My initial reaction to the fair trade analogy was to suggest that reaching a consensus on what is “fair tax”, or the “right” amount of tax, is generally much more difficult than reaching agreement on “fair trade”, for at least two reasons.
First, some tax law, as the Office of Tax Simplification has pointed out, “may in fact be necessarily complex” and therefore difficult for experts and others to understand. (I would have said that some tax law is necessarily complex.) There are several taxes and thousands of pages of legislation and HMRC guidance.
Without detailed knowledge of a company’s tax affairs and a thorough understanding of (a) the tax system and (b) what amounts to aggressive tax avoidance as opposed to legitimate tax planning, it is difficult to judge whether any business deserves the accolade “Fair Tax Business”.
Secondly, tax policy is always a big debating issue at election time precisely because there is – inevitably – a range of opinions as to the role of government and how the cost of providing public services, infrastructure, security etc. should be shared.
And the UK’s tax system has so many quirks and anomalies that it is often difficult to discern the underlying policy behind a tax (or a tax relief). If there is no consensus on what “fair tax” is, how can we agree on what a “fair tax business” is? And if you think an FTM award is wrong, you may take the view that businesses that do not have the award are being unfairly penalised.
The FTM team appears to have addressed these concerns by setting criteria which allow a company that appears to be paying considerably less than the “headline rate” of corporation tax because of legitimate tax reliefs to obtain the mark – despite that difference – on the basis of points earned for transparency etc. One such legitimate tax relief is capital allowances, which are written into tax law to encourage investment in machinery. (Actually, it’s worth pointing out that a company claiming capital allowances pays the headline tax rate on the reduced profit, after deduction of capital allowances, not a reduced tax rate on the profit before that deduction.)
Unfortunately this approach means, as two tax experts have pointed out, that a company that is clearly engaged in aggressive tax avoidance may also qualify. This is a mistake and we can expect it to be rectified (but on the face of it that won’t be easy).
So, “who decides?” The FTM team claims to be “completely independent” and “accountable to anyone who cares to challenge us”. Some tax professionals have taken issue with this. Opening a debate on its Tax Transparency blog, the accountancy firm Mazars asked (without expressing a view itself):
“In the current climate, will a prospective business gain value from the FTM, making it worth the investment, or is it little more than a quirky gimmick that aligns ethical taxation to a left of centre political agenda?”
Nonetheless, the (modified) FTM criteria may win widespread support – not only from the “left”, because tax avoidance is not a left-right issue.
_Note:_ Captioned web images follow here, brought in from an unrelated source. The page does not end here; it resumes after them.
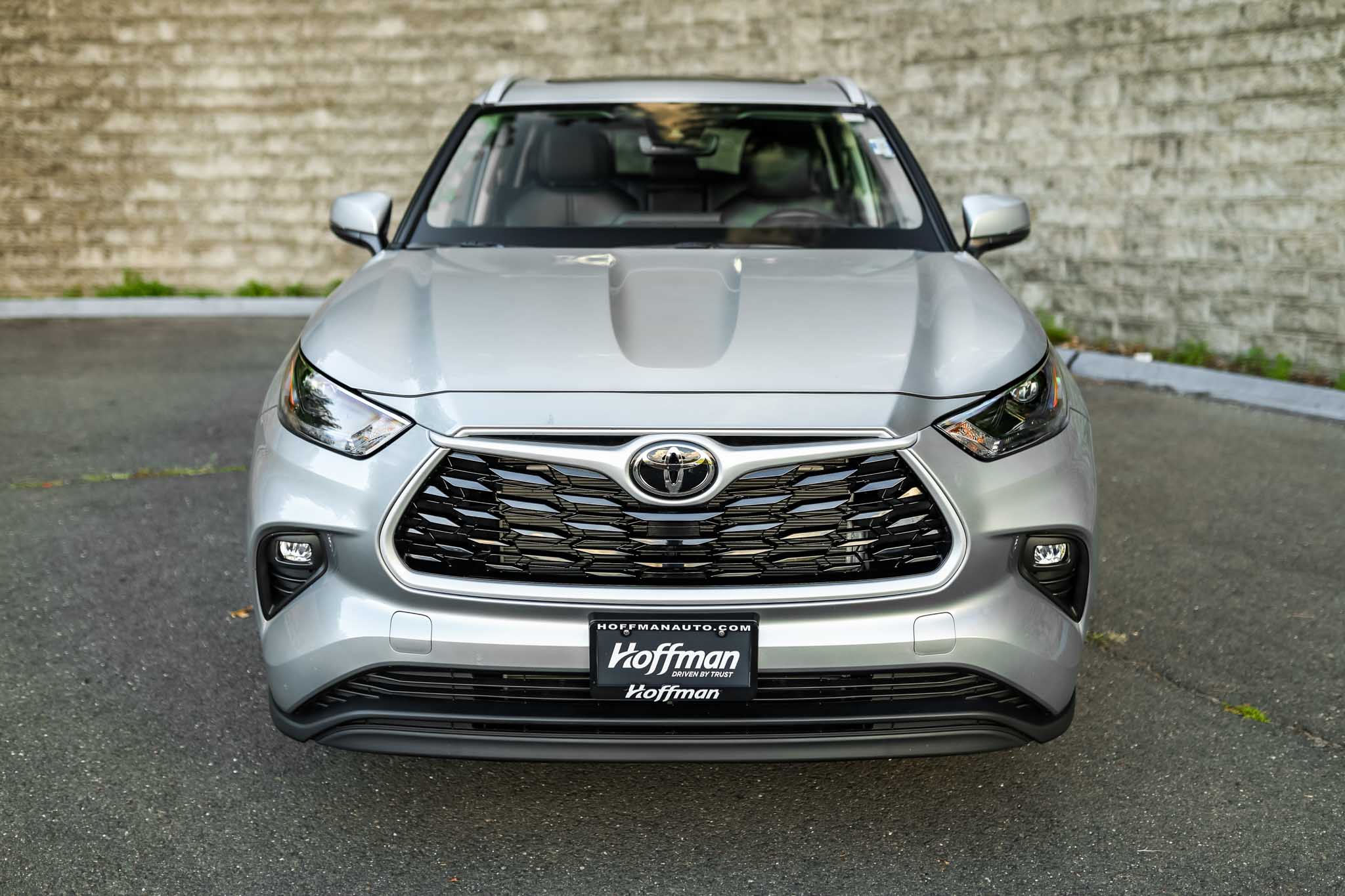 2025 Toyota Highlander XLE photo 3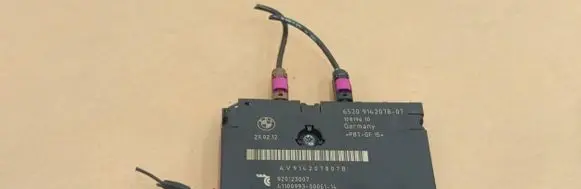 BMW Z4 E89 Aerial antenna amplifier 9142078 65209142078 6520914207807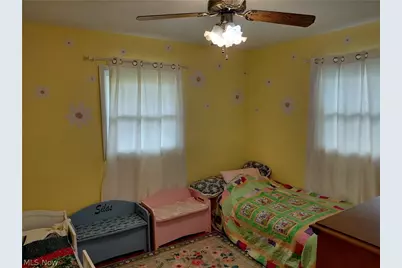 506 Moore Street, Hubbard, OH 44425 - Photo 23
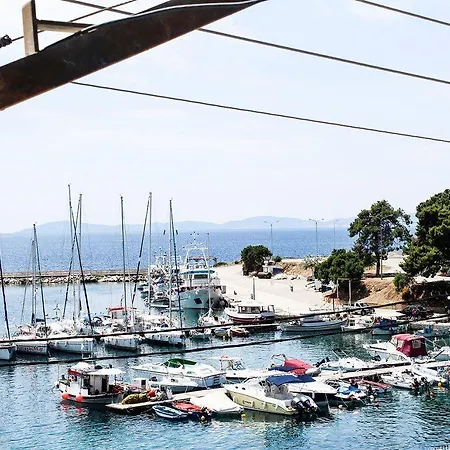 Glaros Blue Szálloda *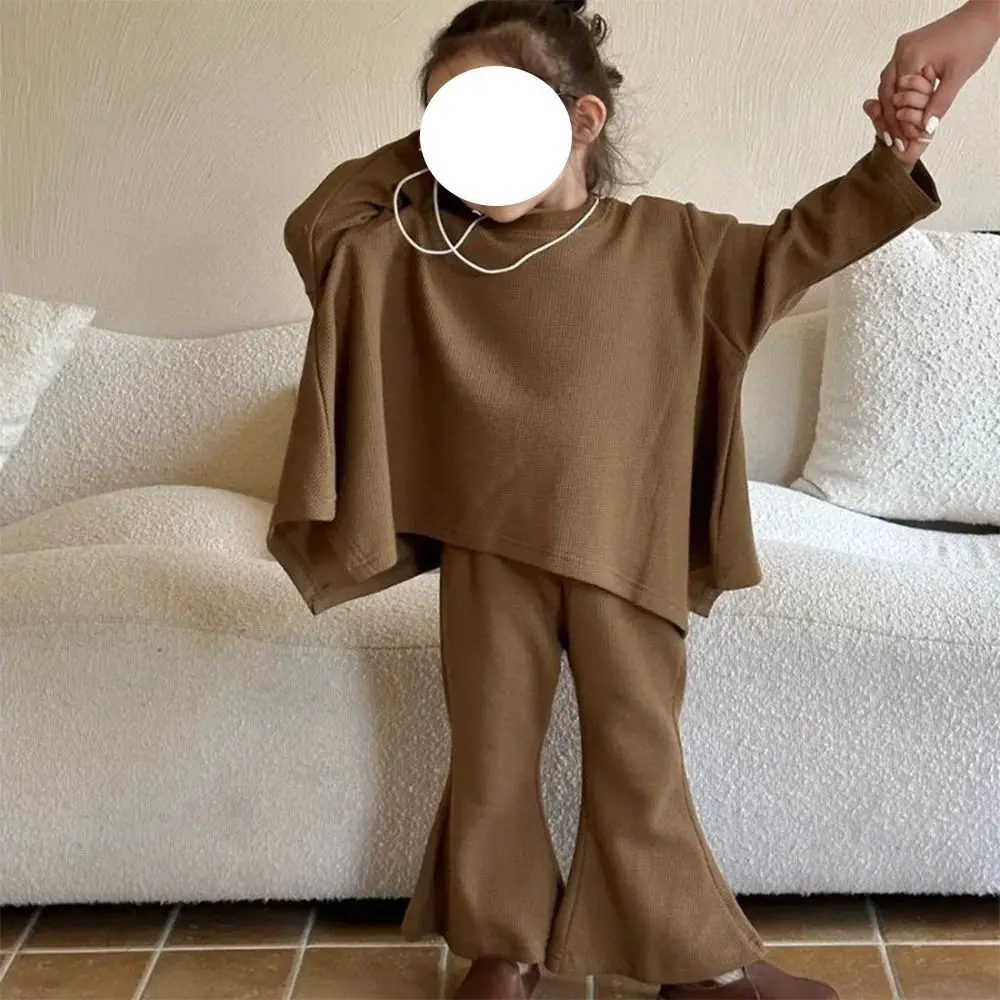 Girls' Solid Loose Round Neck Cape Top Flare Pants 2 Piece Set Children's Fashion Set
Girls' Solid Loose Round Neck Cape Top Flare Pants 2 Piece Set Children's Fashion Set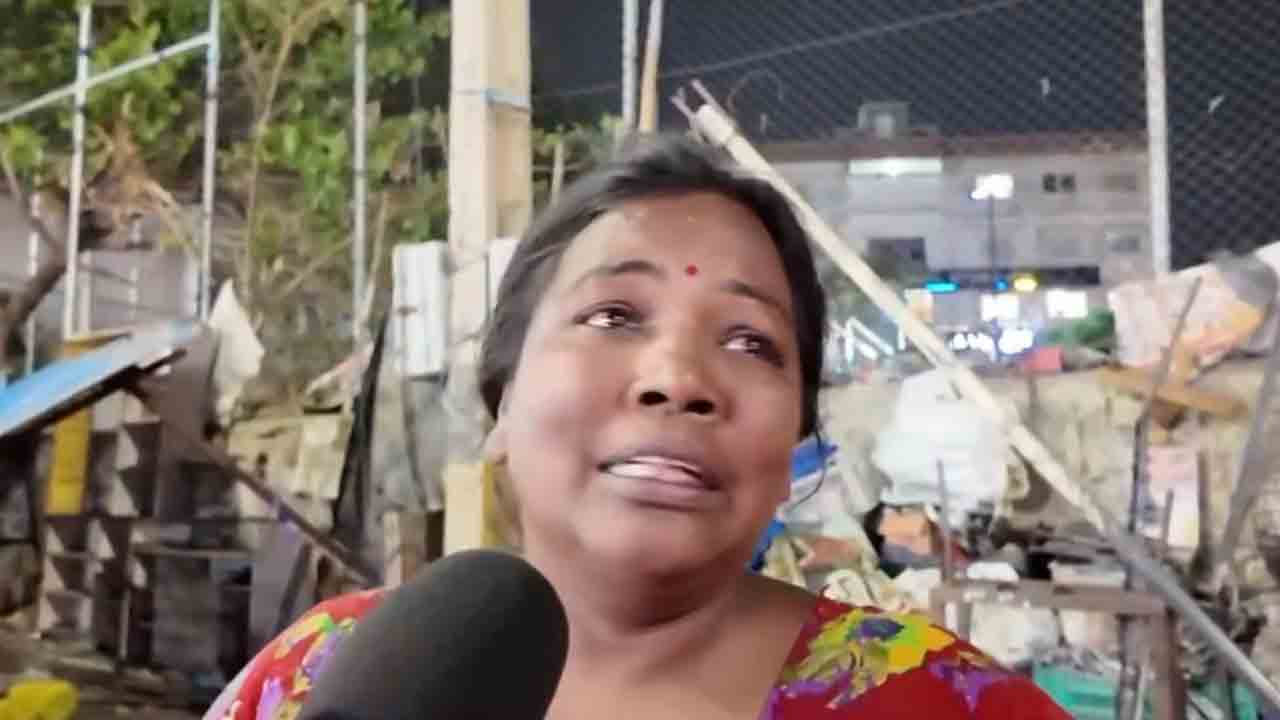 Footpath Shops victims | మమ్మల్ని ఏడిపించి వాళ్లేం బాగుపడుతారు.. ఫుట్‌పాత్‌పై షాపు కోల్పోయిన బాధిత మహిళ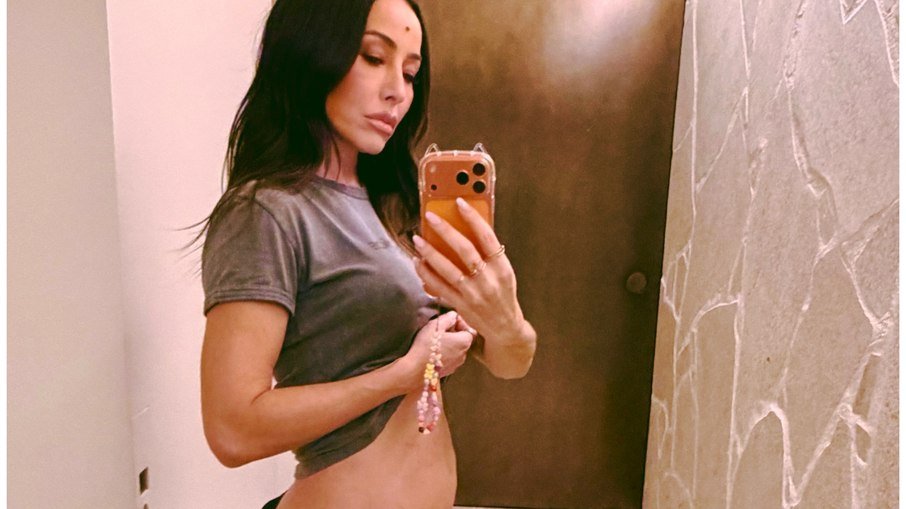 Sabrina Sato exibe barriga de grávida e seguidores se derretem - Foto: Instagram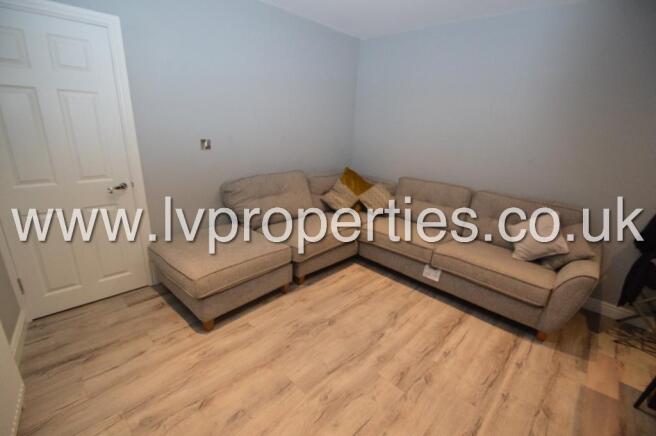 7 bed Terraced to rent Image 12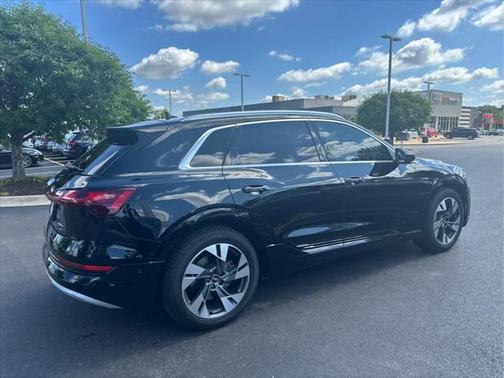 2022 Audi e-tron Premium Plus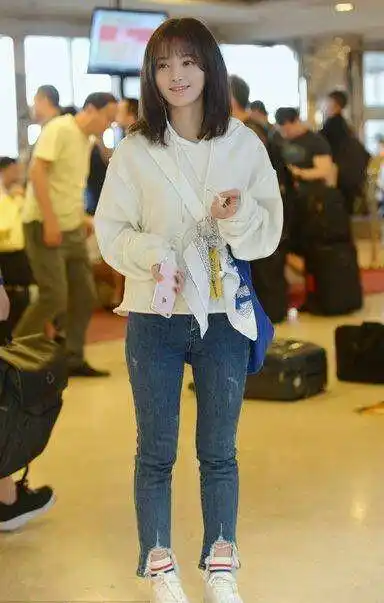 身高159的鞠婧祎撞上162的吴昕差距太明显网友有人虚报身高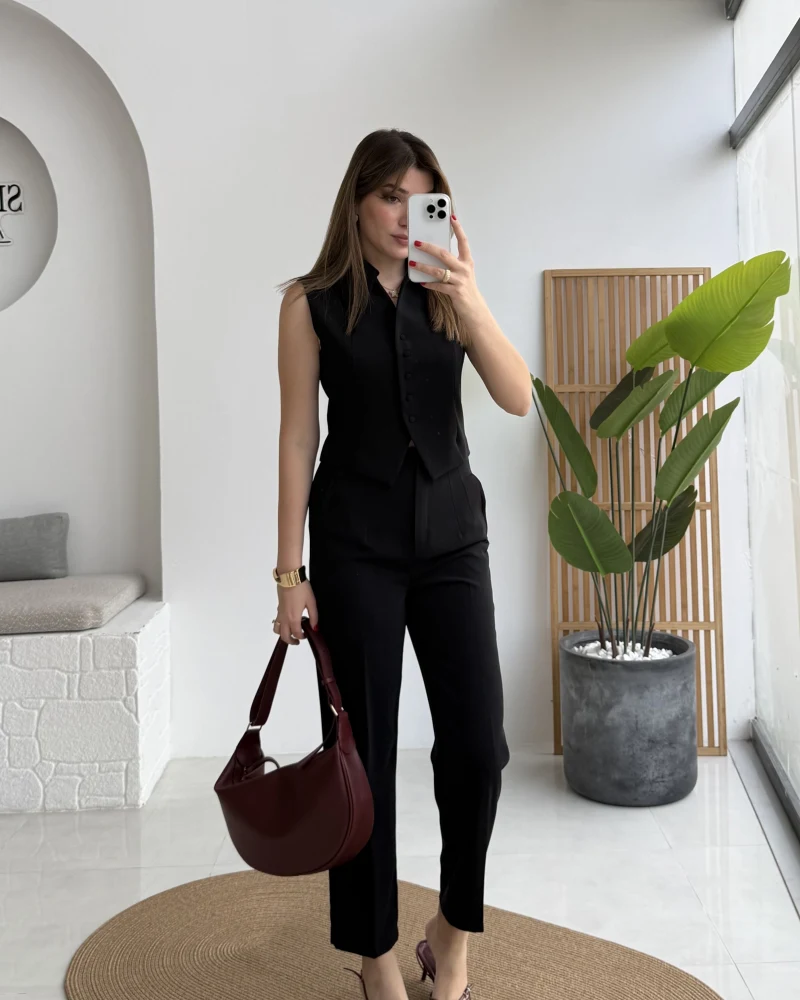 Caterina Sivri Yaka Yelek-Pantolon Takım - Siyah - Kod: 8895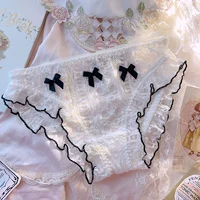 Белая пузырька бабочка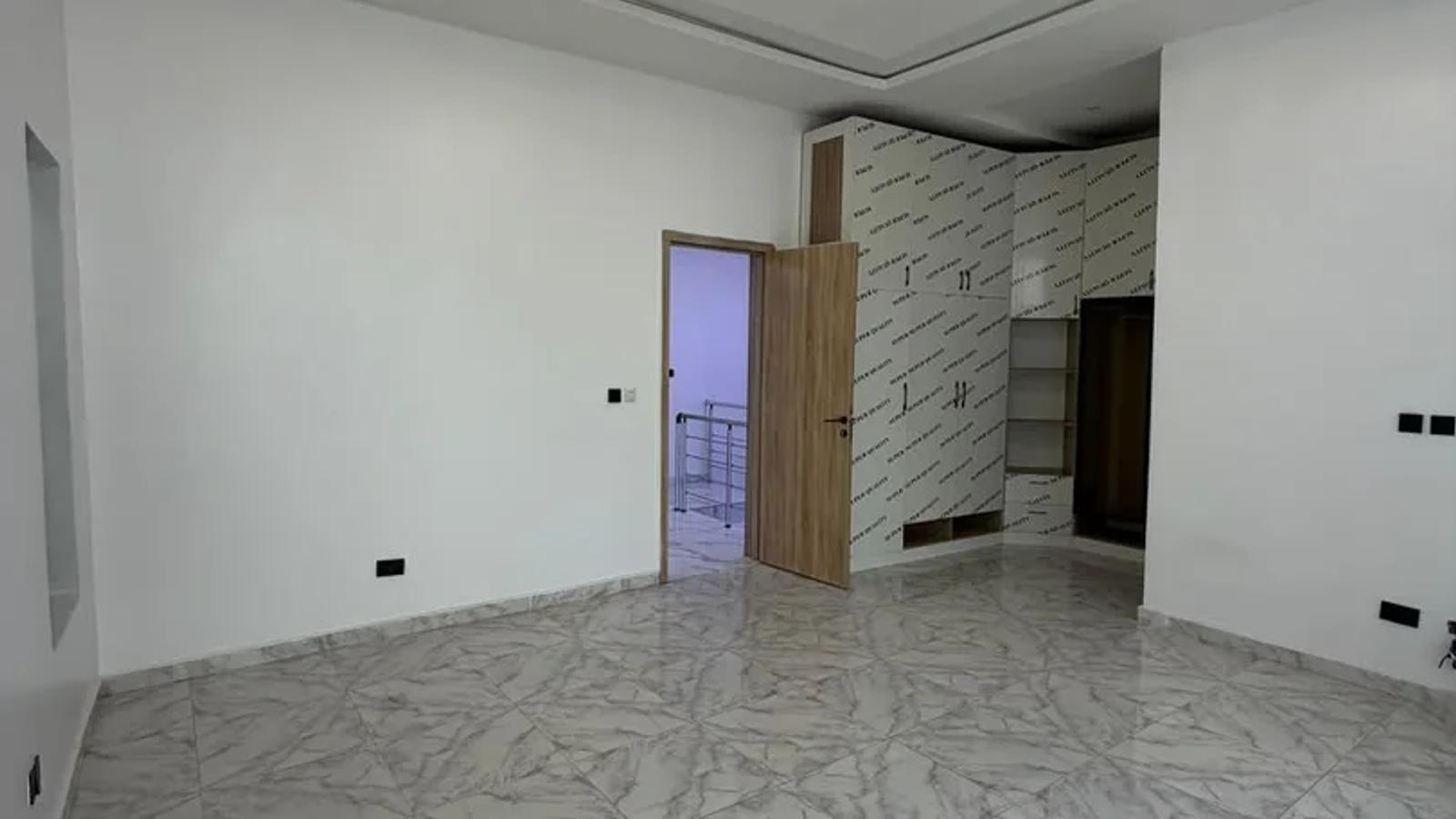 4 Bedroom Fully Detached Duplex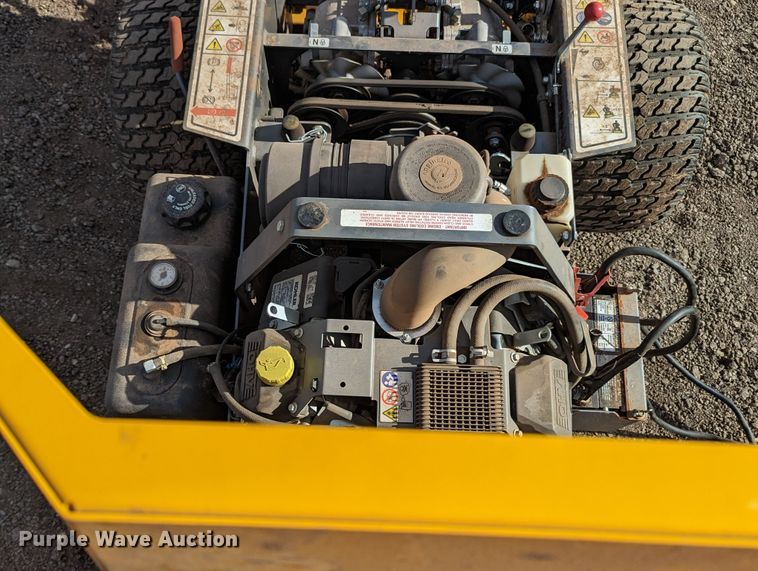 image for item LF9670 Walker B27i  ZTR lawn mower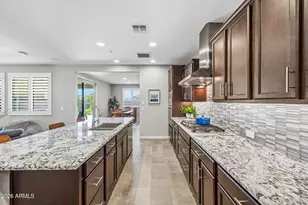13335 W Milton Dr, Peoria, AZ 85383 - Photo 9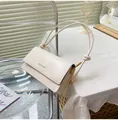 Cremefarbene Baguette-Tasche mit geknotetem Riemen und goldenen Metalldetails - Weiß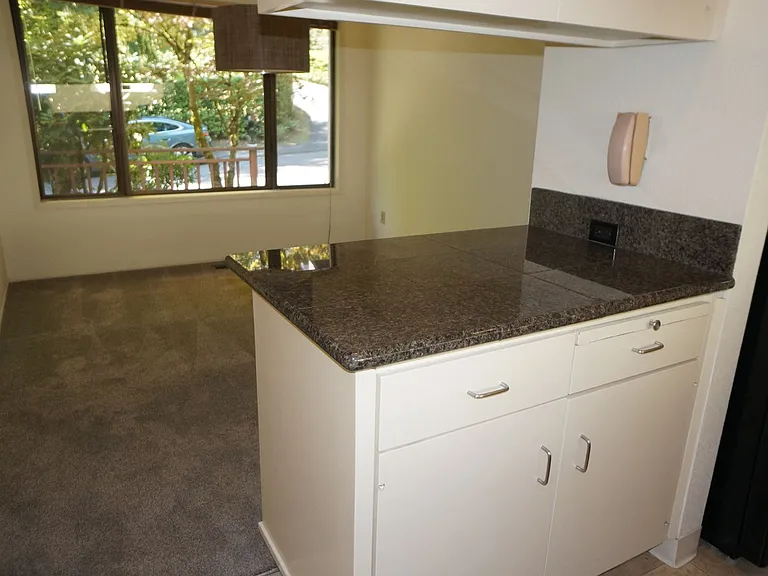 1440 SW Upland Dr — Photo 7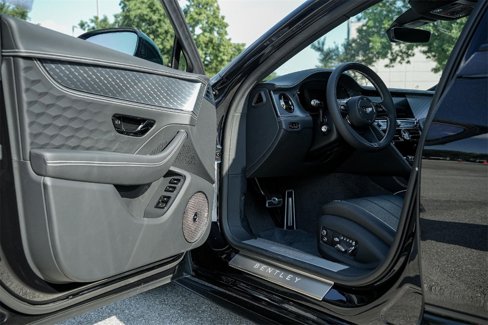 New 2025 Bentley Flying Spur Plug-In Hybrid image 17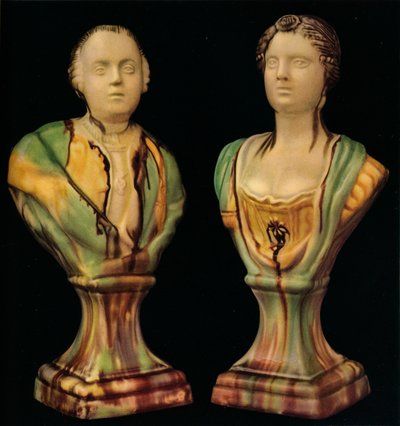 Ett par byster i lergods från Staffordshire som föreställer kung George III och drottning Charlotte, med Tr av Unbekannt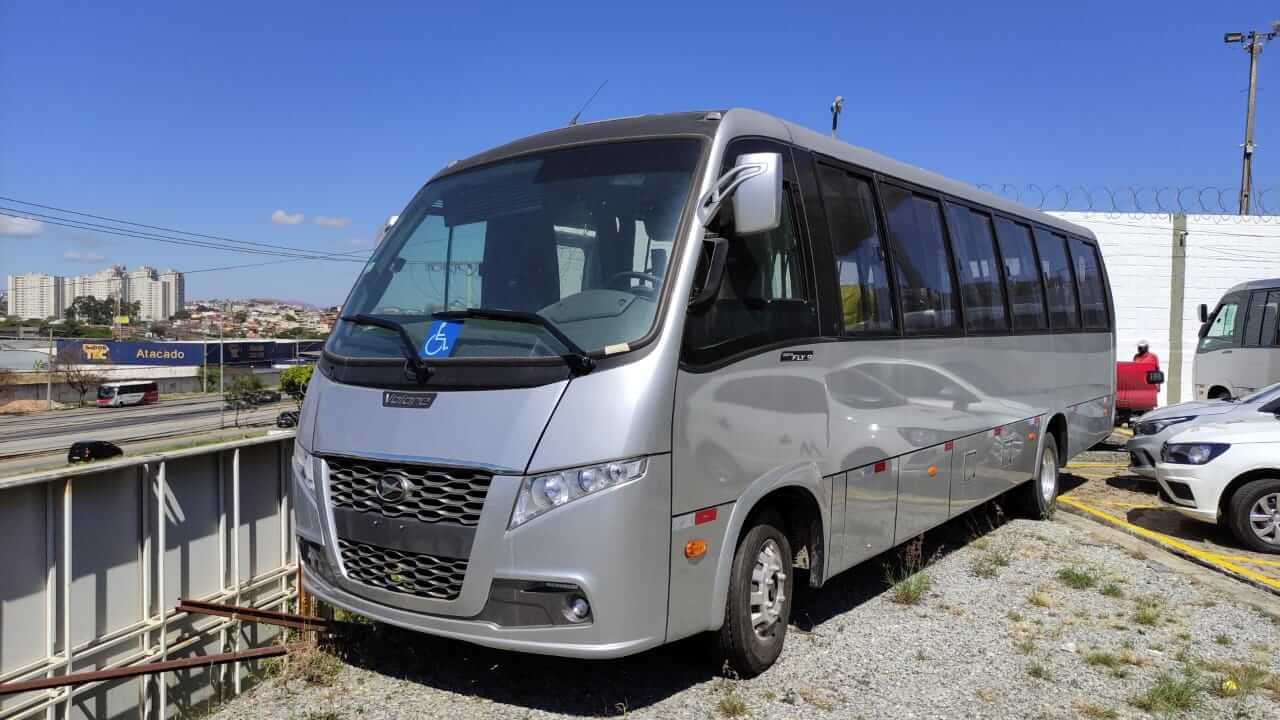 Novo micro-ônibus 2025 com 24 lugares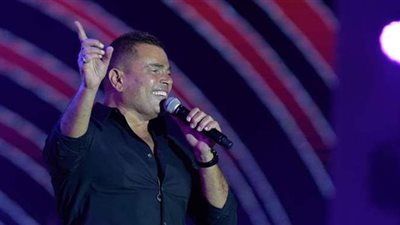 عمرو دياب يتألق في حفله الغنائي بجدة ويداعب جمهوره: أخدتوا اللقاح | فيديو وصور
And it may win support on the basis that people regard the FTM team as independent of government (which has, according to some critics, sold out to big business), business itself, and the accountancy and tax professions.
We may even see the FTM grow quickly and begin to follow in the footsteps of fair trade. It should succeed or fail on its merits so long as its founders and managers, and its criteria, are transparent and open to scrutiny and revision.
Many people will object to the FTM in principle, arguing that there is no need for it and that it will penalise ethical businesses that do not buy into it. There are least two options open to them.
The first is to engage in the debate and oppose the FTM on its merits. We are told that many large businesses are seeking to improve their tax reporting, and some of the large firms of accountants have stressed the importance of greater transparency. In any event, there are several initiatives in progress to require a form of country-by-country reporting.
A second option – possible but perhaps less feasible for most people – is for opponents to grow their own, rival tax mark. A tax transparency mark, perhaps?
The founders would be self-appointed. The TTM would succeed or fail on its merits. And what could be wrong with that?